*What this task involves*
The answer must be an exact copy of all the data below.

================

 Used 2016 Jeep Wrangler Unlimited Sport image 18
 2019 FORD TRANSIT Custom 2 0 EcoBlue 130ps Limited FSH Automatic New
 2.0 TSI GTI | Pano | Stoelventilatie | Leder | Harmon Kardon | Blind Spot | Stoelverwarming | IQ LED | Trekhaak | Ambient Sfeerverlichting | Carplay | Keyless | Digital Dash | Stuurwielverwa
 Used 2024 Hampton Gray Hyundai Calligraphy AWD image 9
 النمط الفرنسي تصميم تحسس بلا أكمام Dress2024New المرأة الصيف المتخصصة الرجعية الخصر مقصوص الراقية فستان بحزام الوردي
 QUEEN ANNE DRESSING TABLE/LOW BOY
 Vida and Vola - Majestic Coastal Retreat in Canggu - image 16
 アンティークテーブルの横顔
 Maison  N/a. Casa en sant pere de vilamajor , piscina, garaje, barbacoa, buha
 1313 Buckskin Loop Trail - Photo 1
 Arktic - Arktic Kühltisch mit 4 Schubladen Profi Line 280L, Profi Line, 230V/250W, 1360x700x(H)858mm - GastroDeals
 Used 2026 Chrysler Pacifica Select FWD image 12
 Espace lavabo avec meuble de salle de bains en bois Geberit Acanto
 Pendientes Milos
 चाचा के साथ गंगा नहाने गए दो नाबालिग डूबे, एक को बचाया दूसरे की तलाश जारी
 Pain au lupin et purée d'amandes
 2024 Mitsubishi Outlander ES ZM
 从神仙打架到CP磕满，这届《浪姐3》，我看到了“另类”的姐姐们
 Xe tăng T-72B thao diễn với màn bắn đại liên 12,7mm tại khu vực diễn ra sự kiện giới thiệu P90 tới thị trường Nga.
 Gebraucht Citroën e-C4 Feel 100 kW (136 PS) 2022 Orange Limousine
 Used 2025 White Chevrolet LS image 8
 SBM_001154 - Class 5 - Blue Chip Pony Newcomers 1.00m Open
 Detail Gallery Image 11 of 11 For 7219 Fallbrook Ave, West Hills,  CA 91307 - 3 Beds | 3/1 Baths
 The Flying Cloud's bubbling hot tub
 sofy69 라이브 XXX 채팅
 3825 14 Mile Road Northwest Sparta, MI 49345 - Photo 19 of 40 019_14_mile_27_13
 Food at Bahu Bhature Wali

================

*Task solution*
 Used 2016 Jeep Wrangler Unlimited Sport image 18
 2019 FORD TRANSIT Custom 2 0 EcoBlue 130ps Limited FSH Automatic New
 2.0 TSI GTI | Pano | Stoelventilatie | Leder | Harmon Kardon | Blind Spot | Stoelverwarming | IQ LED | Trekhaak | Ambient Sfeerverlichting | Carplay | Keyless | Digital Dash | Stuurwielverwa
 Used 2024 Hampton Gray Hyundai Calligraphy AWD image 9
 النمط الفرنسي تصميم تحسس بلا أكمام Dress2024New المرأة الصيف المتخصصة الرجعية الخصر مقصوص الراقية فستان بحزام الوردي
 QUEEN ANNE DRESSING TABLE/LOW BOY
 Vida and Vola - Majestic Coastal Retreat in Canggu - image 16
 アンティークテーブルの横顔
 Maison  N/a. Casa en sant pere de vilamajor , piscina, garaje, barbacoa, buha
 1313 Buckskin Loop Trail - Photo 1
 Arktic - Arktic Kühltisch mit 4 Schubladen Profi Line 280L, Profi Line, 230V/250W, 1360x700x(H)858mm - GastroDeals
 Used 2026 Chrysler Pacifica Select FWD image 12
 Espace lavabo avec meuble de salle de bains en bois Geberit Acanto
 Pendientes Milos
 चाचा के साथ गंगा नहाने गए दो नाबालिग डूबे, एक को बचाया दूसरे की तलाश जारी
 Pain au lupin et purée d'amandes
 2024 Mitsubishi Outlander ES ZM
 从神仙打架到CP磕满，这届《浪姐3》，我看到了“另类”的姐姐们
 Xe tăng T-72B thao diễn với màn bắn đại liên 12,7mm tại khu vực diễn ra sự kiện giới thiệu P90 tới thị trường Nga.
 Gebraucht Citroën e-C4 Feel 100 kW (136 PS) 2022 Orange Limousine
 Used 2025 White Chevrolet LS image 8
 SBM_001154 - Class 5 - Blue Chip Pony Newcomers 1.00m Open
 Detail Gallery Image 11 of 11 For 7219 Fallbrook Ave, West Hills,  CA 91307 - 3 Beds | 3/1 Baths
 The Flying Cloud's bubbling hot tub
 sofy69 라이브 XXX 채팅
 3825 14 Mile Road Northwest Sparta, MI 49345 - Photo 19 of 40 019_14_mile_27_13
 Food at Bahu Bhature Wali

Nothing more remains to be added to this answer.